(1) The book does identify a great deal of Peterson's "source material", i.e., the books that influenced his work --with many of these being books that Peterson openly says that he's a big fan of, but a few of the most important being covert (rather than overt) sources of inspiration. This is a significant contribution.
(2) I did interview the author myself (for my youtube channel) and I felt he gave a better presentation of his views in that interview than he does on paper (perhaps because I was challenging him to do so, stating skeptical questions, asking about more than one possible interpretation of the evidence, etc.). The book undermines its own premise more often than it supports it, veering off topic (e.g., did we really need this long digression on Fyodor Dostoevsky?), and making little to no effort to prove the connection between the author's symbolic interpretations and Peterson's (genuinely incoherent) source material. Occam's razor always favors dismissing Peterson's "philosophy" as having no hidden meaning (and no clear intent) in his writing/lectures at all; yes, even in Peterson's most provocative statements about Hitler, these could have no significance beyond the professor's struggle to keep the attention of his students, they could really be nothing more than the efforts of a boring, middle-aged man trying to seem edgy and interesting in his interviews, when he really has very little of substance to say.

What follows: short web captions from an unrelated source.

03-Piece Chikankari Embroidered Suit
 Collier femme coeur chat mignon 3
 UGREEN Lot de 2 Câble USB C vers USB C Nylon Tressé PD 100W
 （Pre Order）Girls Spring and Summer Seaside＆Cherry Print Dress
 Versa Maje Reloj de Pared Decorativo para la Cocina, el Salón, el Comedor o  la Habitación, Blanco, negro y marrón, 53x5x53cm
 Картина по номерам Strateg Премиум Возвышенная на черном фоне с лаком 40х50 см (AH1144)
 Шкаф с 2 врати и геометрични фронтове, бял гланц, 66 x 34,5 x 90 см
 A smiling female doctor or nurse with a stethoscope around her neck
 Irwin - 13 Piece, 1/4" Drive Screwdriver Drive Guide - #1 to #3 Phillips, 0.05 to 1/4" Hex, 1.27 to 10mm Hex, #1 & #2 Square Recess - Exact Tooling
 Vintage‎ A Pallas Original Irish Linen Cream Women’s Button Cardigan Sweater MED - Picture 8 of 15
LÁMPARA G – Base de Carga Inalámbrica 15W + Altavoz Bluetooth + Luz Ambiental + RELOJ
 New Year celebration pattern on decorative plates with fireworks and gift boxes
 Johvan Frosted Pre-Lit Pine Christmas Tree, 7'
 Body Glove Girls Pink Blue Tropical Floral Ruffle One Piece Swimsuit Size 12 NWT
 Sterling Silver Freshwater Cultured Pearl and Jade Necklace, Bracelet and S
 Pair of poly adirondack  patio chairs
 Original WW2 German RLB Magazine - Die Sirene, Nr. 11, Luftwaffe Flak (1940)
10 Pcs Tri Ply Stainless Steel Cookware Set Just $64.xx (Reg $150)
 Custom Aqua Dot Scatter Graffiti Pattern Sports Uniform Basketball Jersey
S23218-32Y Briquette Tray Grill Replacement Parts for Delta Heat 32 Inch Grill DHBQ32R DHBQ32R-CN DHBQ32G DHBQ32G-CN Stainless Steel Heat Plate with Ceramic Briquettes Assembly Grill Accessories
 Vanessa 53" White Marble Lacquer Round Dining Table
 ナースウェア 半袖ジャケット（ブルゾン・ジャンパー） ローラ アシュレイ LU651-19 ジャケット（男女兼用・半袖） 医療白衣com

(3) To be blunt: the author asserts, "this is the symbolic significance of Horus, Osiris and Marduk in Peterson's work…" --but does he prove the assertion? No. Does he make it seem credible or compelling? No, not at all. Is it possible, instead, that Peterson has no philosophy whatsoever in his (extensive, incoherent) use of occult imagery? Yes: it could just be stupid. And it could be that what Peterson has to say about Hitler is stupid as well.
(4) However, returning to point #1, he does establish the sources Peterson was inspired by, in his incoherent commentary on Horus, Marduk, Communism, Fascism, etc. --and, again, this is a significant contribution.
(5) If you're willing to "edit" the book yourself, by skipping over many pages, this could still be a good purchase for you… but if a professional editor from the old school had been involved, the text would be less than half as many pages long as it now is (perhaps one third). Alternately, if the book were edited to meet academic standards of methodology, it would need to be rewritten much more radically, to explain to the reader why and how it is proving what it does at every stage --and with what implications and what limitations.
(6) In our interview, he said just a few words about his socio-linguistic approach to tracking the common (i.e., derivative) use of vocabulary and phrasing between sources (i.e., Peterson either intentionally or unintentionally reproduces the same expressions found in books that have influenced him, including odd phrases used by Hitler). The book utterly fails to explain this, and fails to make meaningful the innumerable pages of parallel quotations comparing Peterson's phrasing to Hitler's --and for the vast majority of readers, this will (fairly or unfairly) discredit the book at a glance.